Sharing the stories of African Women is essential, especially in a culture that silences women. These stories are becoming the backbone of everything that we do. Knowing and being more and more conscious of the fact that storytelling is a powerful tool for changing and channeling a continent and a world that is geared towards positivity, empowerment and women emancipation. We need to own our narrative and tell our stories, build campaigns that showcase our own growth, processes, and glory.
This need for a great point of convergence for African women is what Eliza Anyangwe saw and then decided to create a space that fills that need. Eliza created The Nziga Effect, a digital platform, and annual gathering to celebrate African women’s stories.

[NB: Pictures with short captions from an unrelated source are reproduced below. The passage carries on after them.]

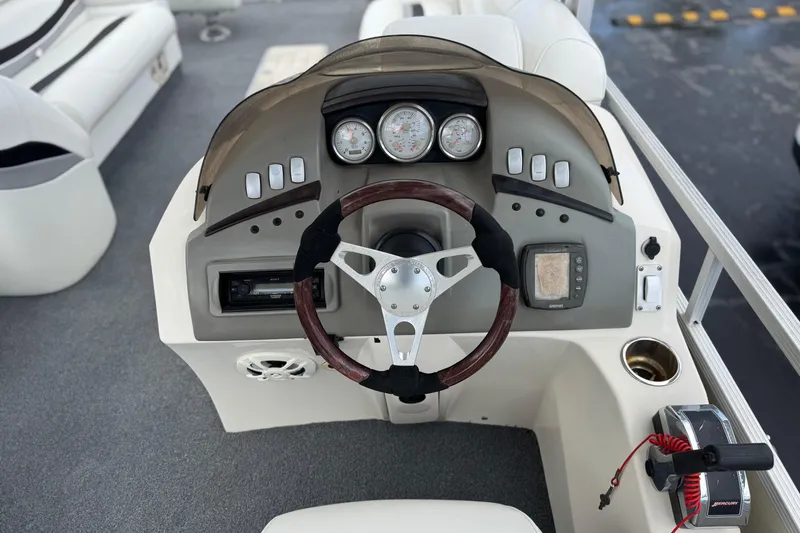 Slide: The Image of 2006 Bennington 2875RLTD I/O boat dashboard with steering wheel and controls. - 30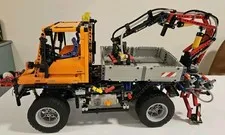 Lego Technic Mercedes Benz Unimog 8110 LEGO Display Set Rehab or Parts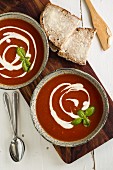 Tomatensuppe mit Sherry, Creme fraiche und Basilikum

The Nziga Effect is named after Nzinga Mbandi, a 17th-century queen in what is now Angola, who managed to escape the “warrior queen” box that African women leaders in history are traditionally put in. Here was a woman who was fierce, yes, but she was also multilingual, a strategist and a diplomat. Reading Nzinga’s story inspired Eliza and she began to wonder: how would the narrative about Africa and its place in the world change if we knew more Nzingas? How would knowing our stories change us as women?
The African proverb “Until the lion can tell her own story, every tale will glorify the hunter.” is the guiding line for Eliza Anyangwe as she runs Nzinga Effect.
Eliza Anyangwe is a Cameroon-born, London-based writer, editor, and moderator. She was formerly at the Guardian. She joined the Guardian in 2008 as an editorial assistant on the award-winning Katine Project and in 2012, became editor of the Guardian’s Global Development Professionals Network. After going freelance in 2014, Eliza spent a year covering the transition from MDGs to SDGs for the Guardian as well as writing and commissioning for Guardian Opinion, and working as a producer on CNN Africa.
Today, Eliza is the founder of The Nzinga Effect, a digital publication, and communications agency focused on African women’s stories; guest lecturer on the international relations and communications program at IULM in Milan, and a fellow of the Royal Society for the Arts.